Le candidat Macron en 2017 avait suscité un débat autour de l’expression " il n’y a pas de culture française". Pas habitués à ses propos provocateurs, bien des commentateurs avaient pris le mors aux dents. "Mais non, mais non, vous ne m’avez pas compris." Fin de l’histoire. Depuis, le budget de la culture est réduit toujours plus sous sa présidence.
Enfin, difficile de faire sans la culture quand on est à Moscou. Bien que je crois savoir que son budget a été bousculé. À vérifier.
Le Conservatoire l’autre soir donnait un spectacle autour de Johan Strauss. Sur scène le Grand orchestre national de Russie. Deux solistes de Bolchoï tout proche invités, une soprano et un baryton. Tous deux enjoués. À la baguette un chef italien...C’est peu dire que je me suis réjouie de cette collaboration. Il a su nous inviter, nous le public, à la fête. À la sortie du spectacle nous sommes tombés sur un vendredi soir d’été dans une grande capitale : embouteillages, public aux terrasses.
Autre moment.
Le musée de Moscou que je ne connaissais pas propose jusqu'à mi-août une exposition que j’ai visitée. La Moscovite des années 20-30.

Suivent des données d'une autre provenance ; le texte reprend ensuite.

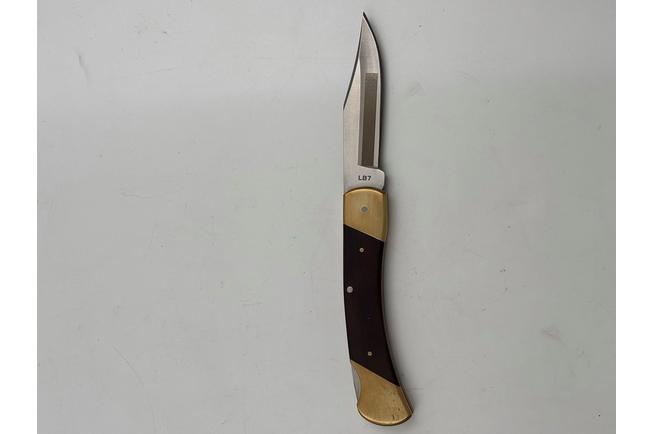 Image for Uncle Henry Bear Paw Lockback LB7 pocket knife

Soit au début des grands chambardements. Comment à travers la révolution du statut des femmes, années 20, il devient clair que c’est toute la société qui est ébranlée. Voire la planète. "10 jours qui ébranlèrent le monde."
Elles doivent participer à l’apparition de l’homme nouveau.
Dès 1914 le parti bolchevique s’adresse directement aux femmes, créant un journal "la travailleuse". Dès octobre 17, droit au divorce, droit au travail, se libérer au travail et dans la vie de l’inégalité. Un me-too d’un tout autre contenu.
Droit de vote, droit à l’avortement... Ce dernier sera remis en cause dans les années trente, au travers de campagnes idéologiques. " La femme est l’égale dans le travail et la société, mais ne doit pas oublier qu’il lui a été donné aussi d’être mère "
Ne pas oublier que l’avortement fut dépénalisé chez nous en 1975.
Aujourd’hui en Russie, la natalité est promue, mais l’avortement n’est pas interdit. Des politiques publiques favorisent la maternité, fortes allocations, et un encadrement strict des cliniques privées qui pratiquaient l’avortement sans état d’âme, contre sonnant et trébuchant.
Petit album
Aujourd'hui, dimanche, d’autres événements culturels au programme.
La chaleur qui est tombée sur Moscou depuis mon arrivée cède un peu.